**Your assignment**
Return exactly the lines that run from the one containing "CHRYSLER PACIFICA" to the end of the entries, with both ends included.

**Records for the exercise**
====
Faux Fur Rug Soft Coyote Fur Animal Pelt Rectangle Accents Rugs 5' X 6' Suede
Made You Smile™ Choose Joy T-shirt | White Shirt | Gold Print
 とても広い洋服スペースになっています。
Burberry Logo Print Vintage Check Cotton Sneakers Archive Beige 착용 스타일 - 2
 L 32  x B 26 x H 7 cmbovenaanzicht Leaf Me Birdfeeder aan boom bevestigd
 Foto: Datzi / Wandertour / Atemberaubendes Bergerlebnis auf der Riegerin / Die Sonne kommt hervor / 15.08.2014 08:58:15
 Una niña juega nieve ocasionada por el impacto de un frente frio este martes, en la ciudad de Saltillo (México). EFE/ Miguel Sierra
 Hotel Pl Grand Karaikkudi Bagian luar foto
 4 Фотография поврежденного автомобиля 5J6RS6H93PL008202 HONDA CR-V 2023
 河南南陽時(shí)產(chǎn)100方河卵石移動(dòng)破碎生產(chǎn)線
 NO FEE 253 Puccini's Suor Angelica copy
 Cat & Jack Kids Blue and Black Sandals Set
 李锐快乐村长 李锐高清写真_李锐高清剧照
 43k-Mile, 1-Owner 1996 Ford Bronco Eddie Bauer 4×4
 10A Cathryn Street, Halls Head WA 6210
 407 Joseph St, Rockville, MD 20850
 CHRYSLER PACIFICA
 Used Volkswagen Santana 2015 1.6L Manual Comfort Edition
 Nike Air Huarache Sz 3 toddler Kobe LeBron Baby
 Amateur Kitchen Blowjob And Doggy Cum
====
**Answer to this problem**
 CHRYSLER PACIFICA
 Used Volkswagen Santana 2015 1.6L Manual Comfort Edition
 Nike Air Huarache Sz 3 toddler Kobe LeBron Baby
 Amateur Kitchen Blowjob And Doggy Cum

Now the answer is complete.